- _Stored data_:
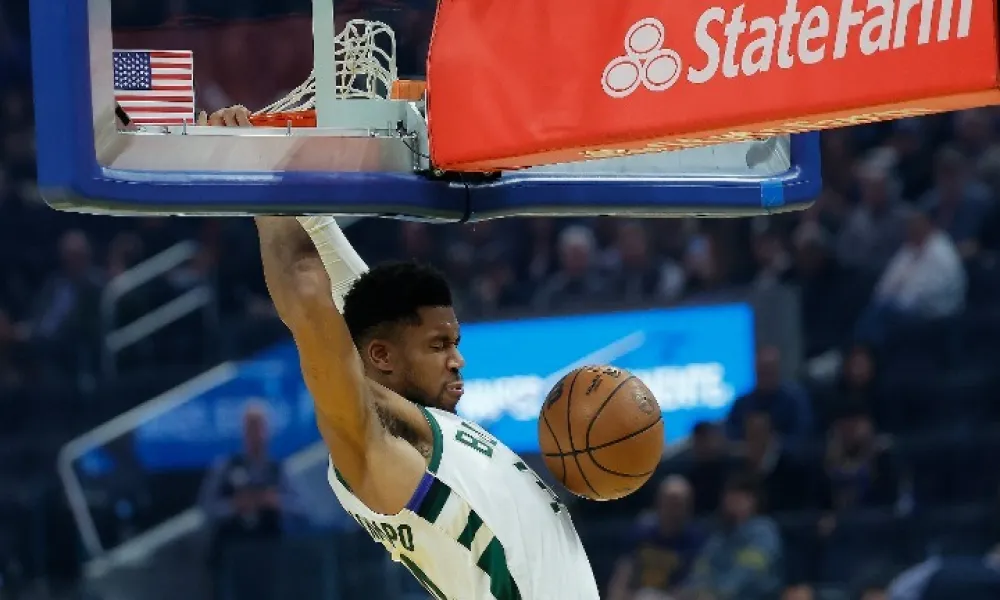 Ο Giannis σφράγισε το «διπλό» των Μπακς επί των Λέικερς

--

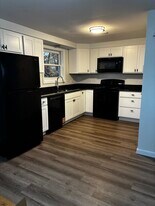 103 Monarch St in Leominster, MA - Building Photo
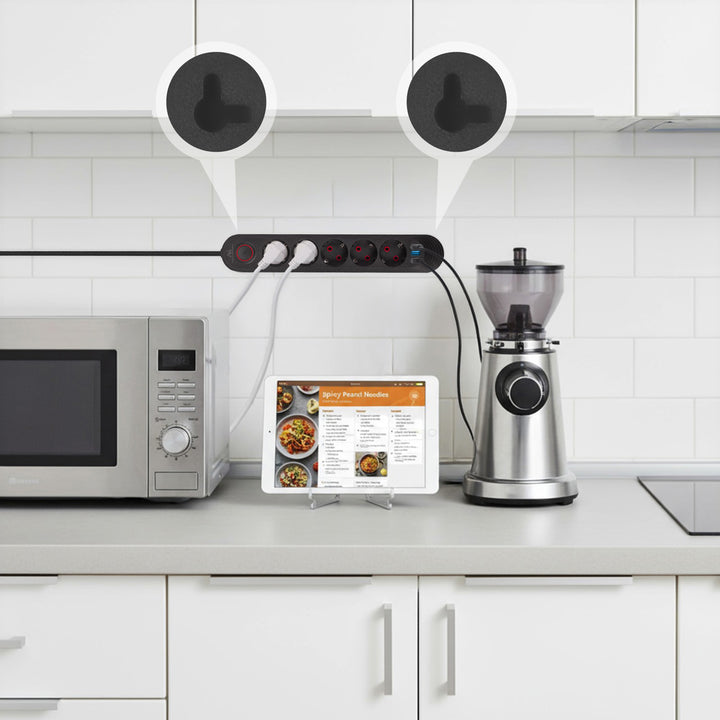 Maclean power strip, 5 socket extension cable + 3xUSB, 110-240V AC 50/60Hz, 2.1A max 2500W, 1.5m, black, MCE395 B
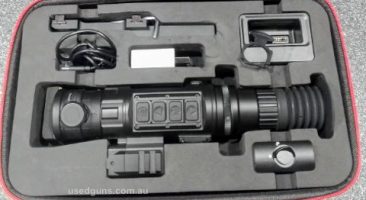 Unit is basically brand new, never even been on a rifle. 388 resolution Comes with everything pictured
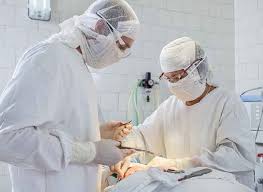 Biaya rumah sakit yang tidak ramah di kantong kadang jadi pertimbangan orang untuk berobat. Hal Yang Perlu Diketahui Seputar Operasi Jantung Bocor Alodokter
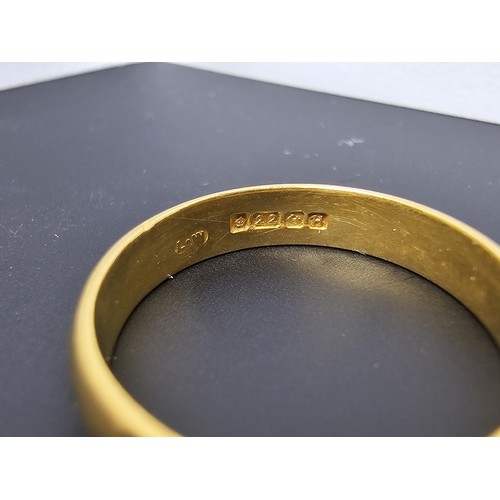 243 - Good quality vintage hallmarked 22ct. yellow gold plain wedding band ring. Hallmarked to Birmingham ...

--

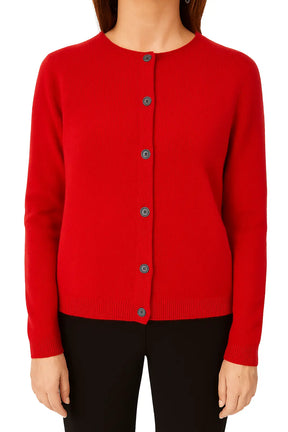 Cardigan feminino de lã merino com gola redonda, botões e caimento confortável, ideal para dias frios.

- _Task brief_: In the listing above, find the line containing "Maclean power strip, 5" and the line containing "243 - Good quality", then return both of them and every line between, exactly, without pictures.

- _Answer box_:
 Maclean power strip, 5 socket extension cable + 3xUSB, 110-240V AC 50/60Hz, 2.1A max 2500W, 1.5m, black, MCE395 B
 Unit is basically brand new, never even been on a rifle. 388 resolution Comes with everything pictured
 Biaya rumah sakit yang tidak ramah di kantong kadang jadi pertimbangan orang untuk berobat. Hal Yang Perlu Diketahui Seputar Operasi Jantung Bocor Alodokter
 243 - Good quality vintage hallmarked 22ct. yellow gold plain wedding band ring. Hallmarked to Birmingham ...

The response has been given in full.